**Assignment:**
Below are the records; return exactly the lines from the one with "Black ankle boots" through the final line, both included, minus any pictures.

**Supplied material:**
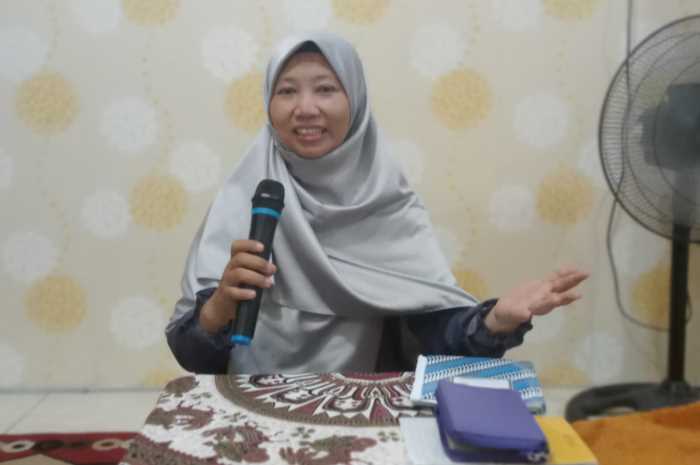 Caleg PKS Siti Roika
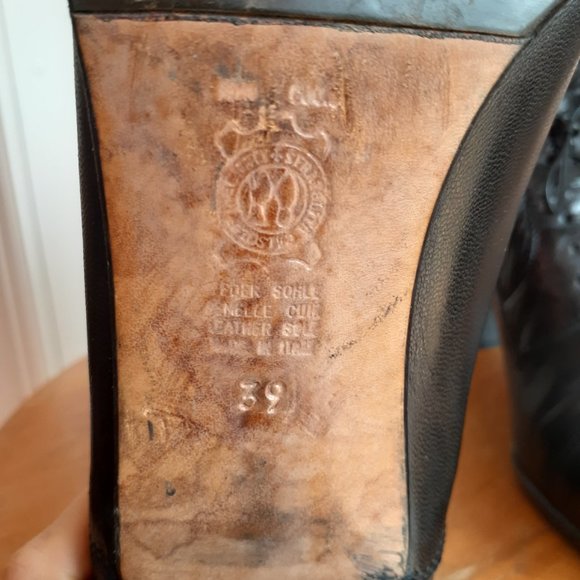 Black ankle boots in Italian leather - Picture 7 of 9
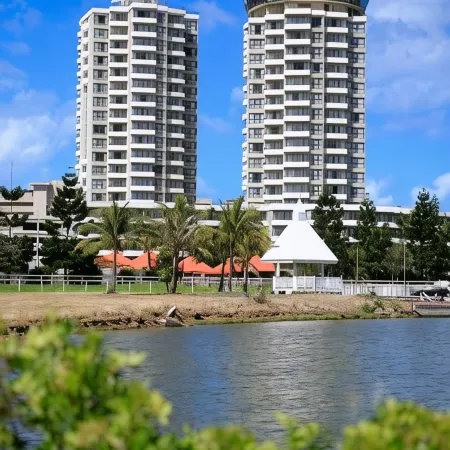 Ramada Hotel & Suites by Wyndham Noumea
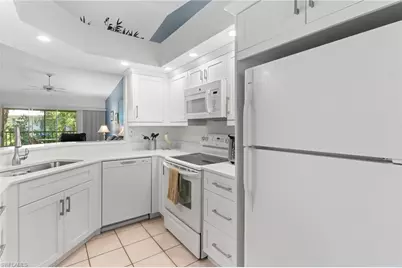 864 Gulf Pavilion Dr #202, Naples, FL 34108 - Photo 7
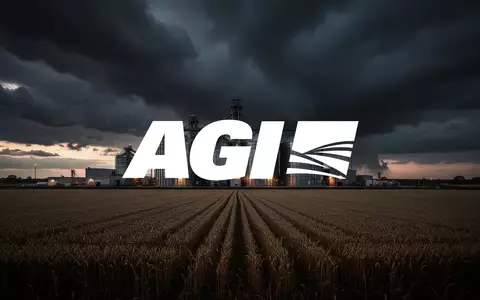 Düstere, industrielle Agrarlandschaft bei Dämmerung mit modernen Silos vor einem stürmischen Himmel. - Foto: über boerse-global.de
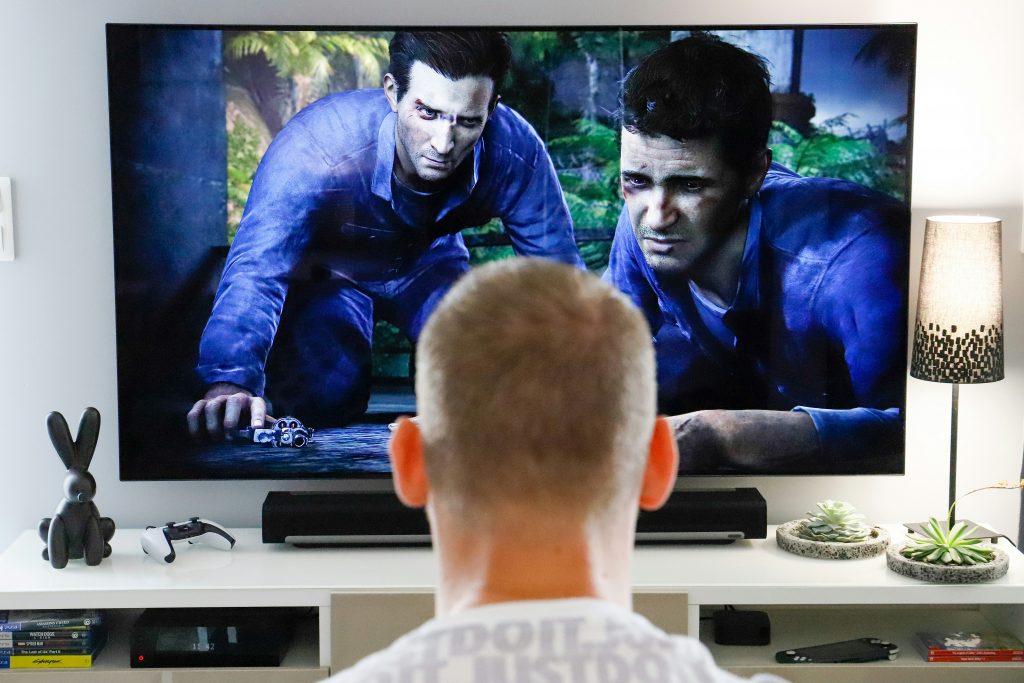 Téléviseur OLED Samsung affichant un jeu vidéo avec NVIDIA G-SYNC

**Task solution:**
 Black ankle boots in Italian leather - Picture 7 of 9
 Ramada Hotel & Suites by Wyndham Noumea
 864 Gulf Pavilion Dr #202, Naples, FL 34108 - Photo 7
 Düstere, industrielle Agrarlandschaft bei Dämmerung mit modernen Silos vor einem stürmischen Himmel. - Foto: über boerse-global.de
 Téléviseur OLED Samsung affichant un jeu vidéo avec NVIDIA G-SYNC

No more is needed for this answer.